Your objective
Look for the line with "a bed room with a bed mirror and a window" in the entries below, then extract that line and all lines after it exactly, with pictures left out.

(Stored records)
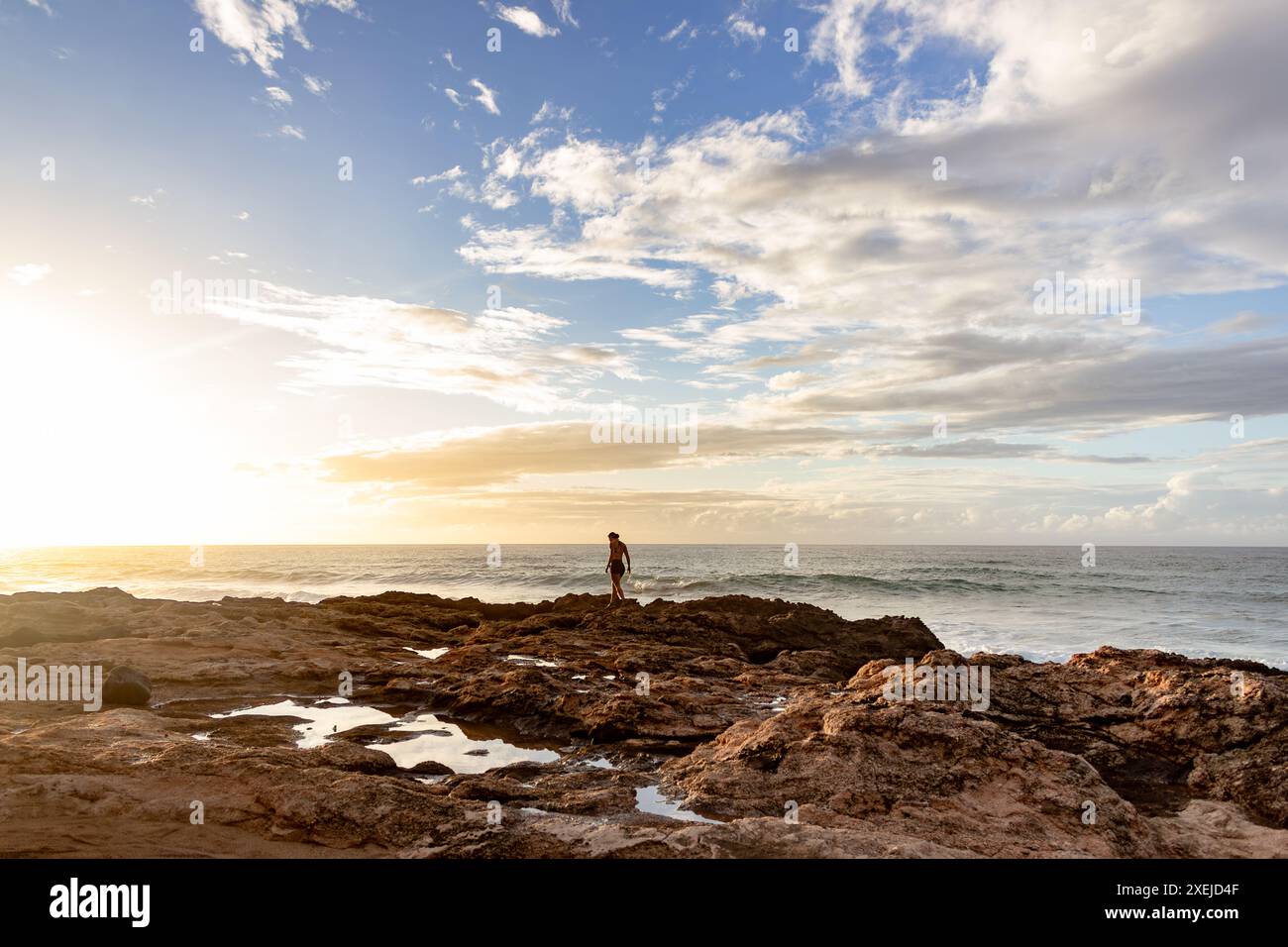 Woman walking on rocky shore hi-res stock photography and images - Alamy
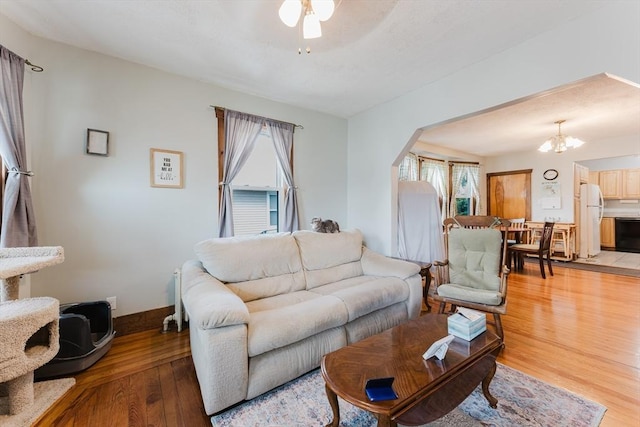 25 Garrison St, Fairhaven, MA 02719 - living area featuring light wood-style flooring, plenty of natural light, and a chandelier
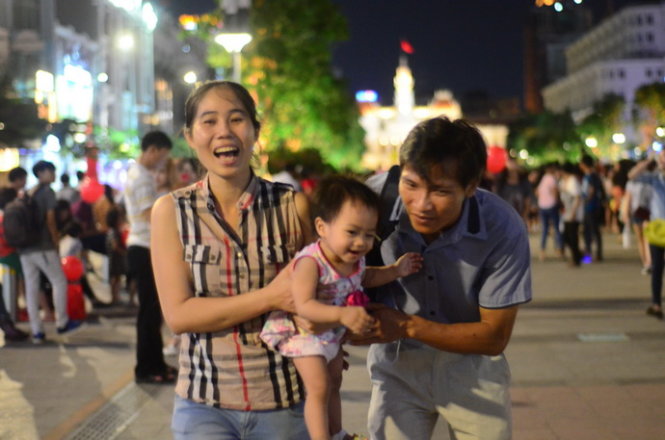 Một gia đình vui vẻ trên phố đi bộ Nguyễn Huệ trong ngày lễ -Ảnh: Thanh Tùng
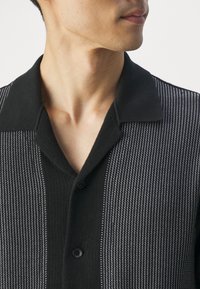 Homme portant un polo en maille noire avec des rayures verticales texturées grises et noires, boutonné au niveau de la poitrine, regardant vers la droite.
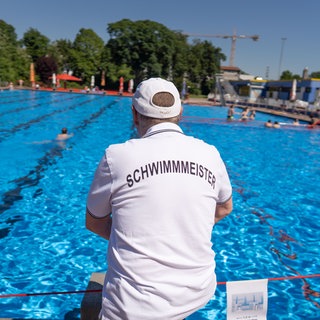 Ein Schwimmmeister überwacht das Treiben im Freibad.
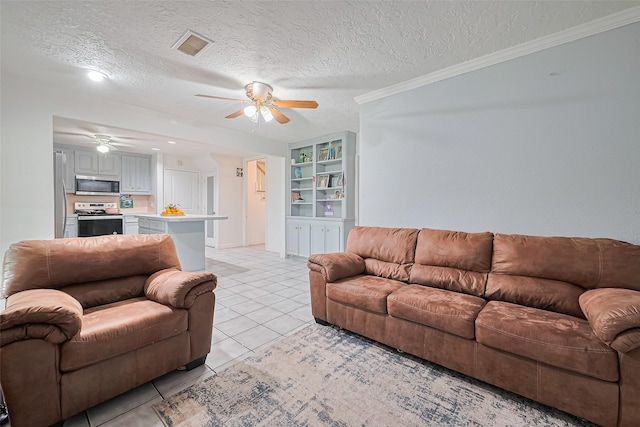 13351 Oak Leaf Ln, Houston, TX 77015 - living area with a ceiling fan, a textured ceiling, light tile patterned flooring, and crown molding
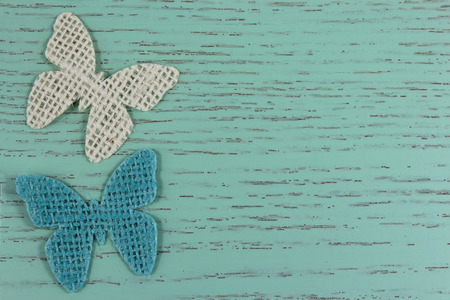 butterflies on a rustic wod backgroundの写真素材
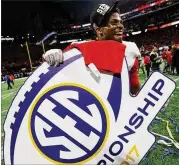  ?? CURTIS COMPTON / CCOMPTON@AJC.COM ?? Former UGA linebacker Lorenzo Carter takes home a sign after winning the SEC Championsh­ip game against Auburn last season.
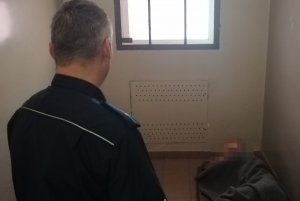 Zdjęcie przedstawia policjanta stojącego przy otwartych drzwiach celi a na materacu lezący mężczyzna zakryty kocem  który był zatrzymany do sprawy włamań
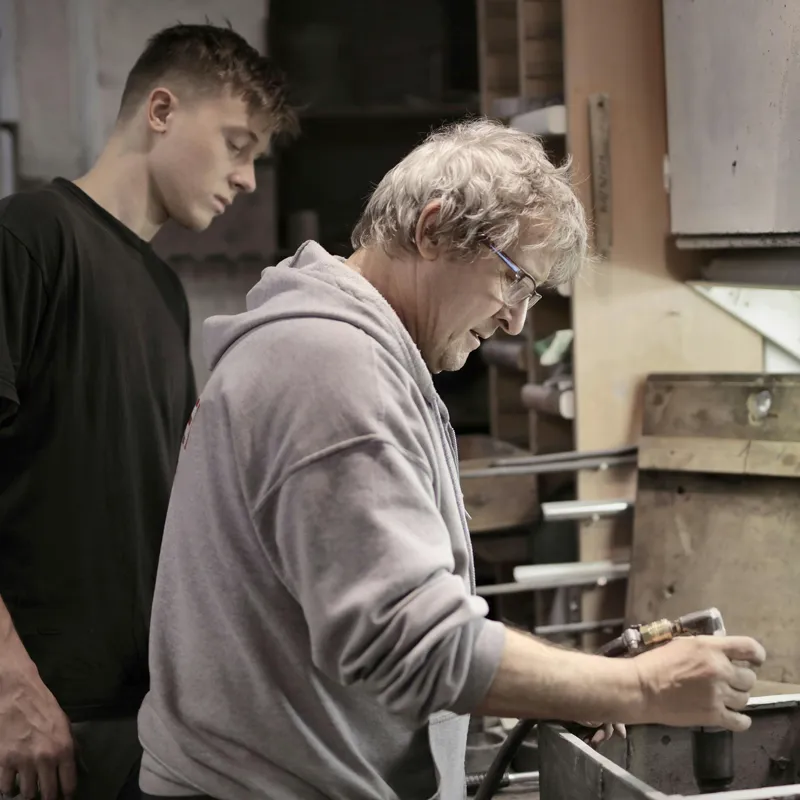 Lehrling oder Unternehmensnachfolger schaut altem Meister bei der Arbeit über die Schulter.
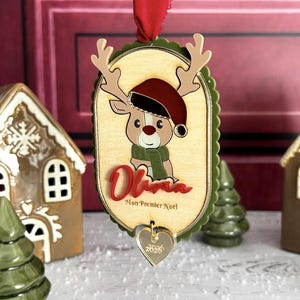 Peut inclure: Une décoration de Noël ovale en bois représentant un renne de dessin animé portant un bonnet de Père Noël rouge et une écharpe verte. Le prénom Olivia est écrit en rouge, avec le texte Mon Premier Noël en dessous et un cœur.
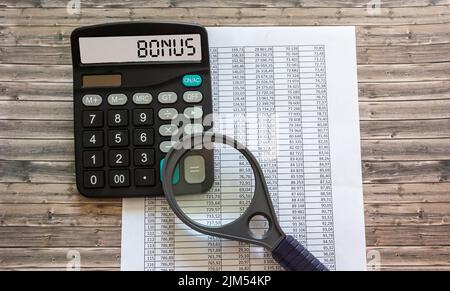 WORTBONUS auf der Anzeige eines Rechners über Finanzdokumente. Stockfoto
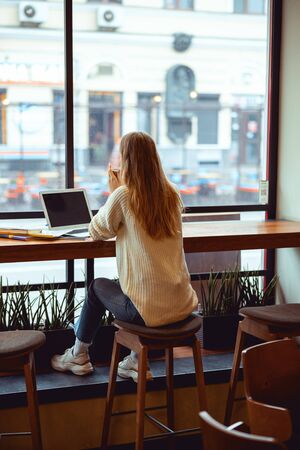Back view of a young woman sitting on a stool in a cafe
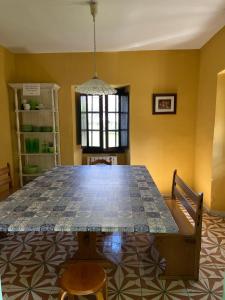 a dining room with a large table in a room at Casa BellaTerra in Villasana de Mena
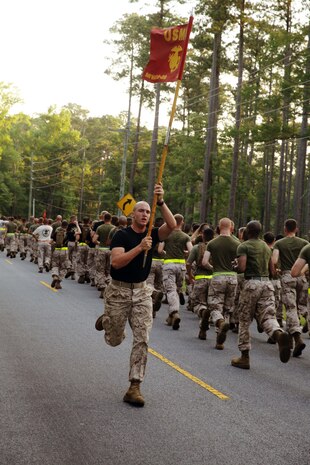 Lance Cpl. Peter D. Wilson runs with Company B's guidon during Marine Wing Communications Squadron 28's motivational run at Marine Corps Air Station Cherry Point, N.C., June 19, 2014. The squadron's run was the culminating event to the inaugural Spartan Cup. The Spartan Cup is a competition between the three companies within the squadron, evaluating each company's level of fitness, fighting spirit and commitment to Marine Corps values. Company B earned a place in the squadron's history as the first company to earn the Spartan Cup. The squadron plans to continue this ongoing competition crowning a winner semi-annually. Wilson is a field radio operator with Company B, MWCS-28.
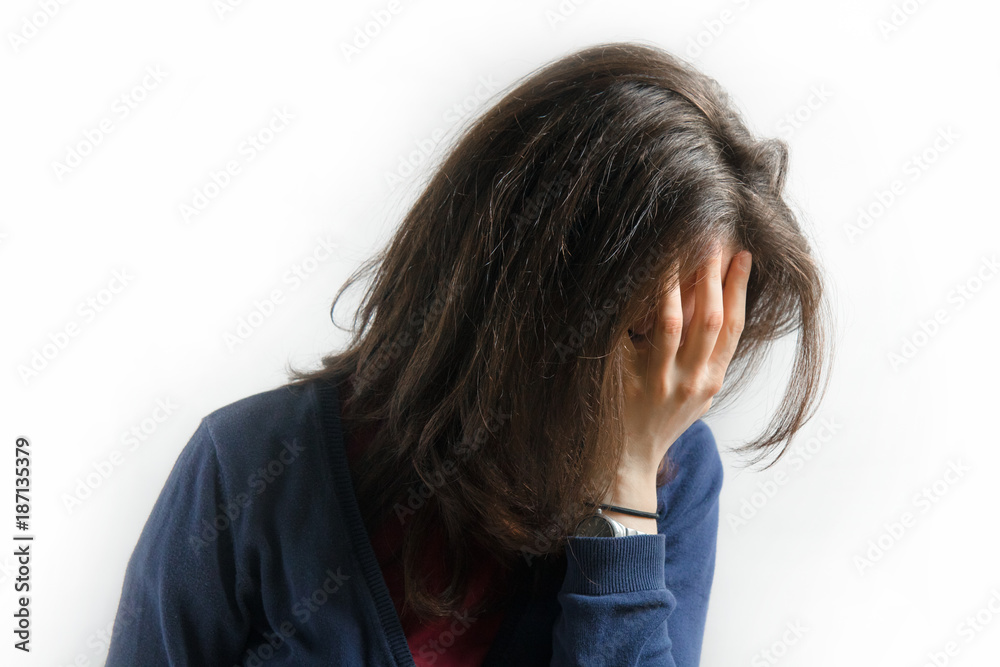 girl covers her face, desperate woman on white background girl covers her face, desperate woman on white background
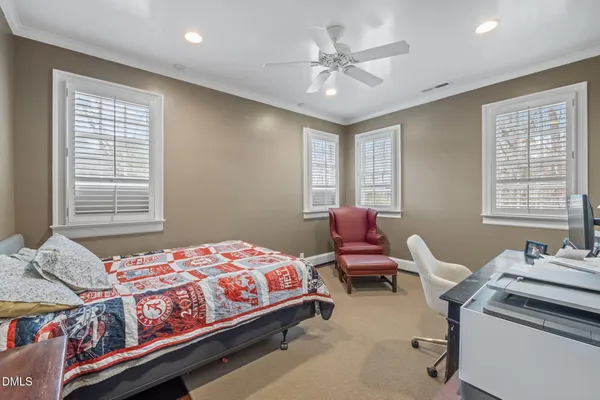 a bed room with a bed mirror and a window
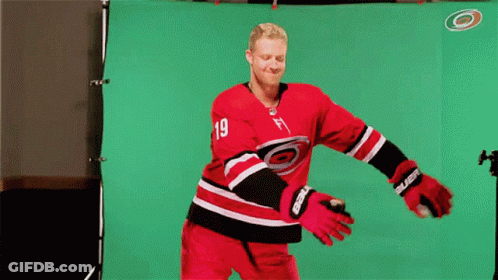 A Hockey Player With The Number 19 On His Shirt GIF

Output for this task
 a bed room with a bed mirror and a window
 A Hockey Player With The Number 19 On His Shirt GIF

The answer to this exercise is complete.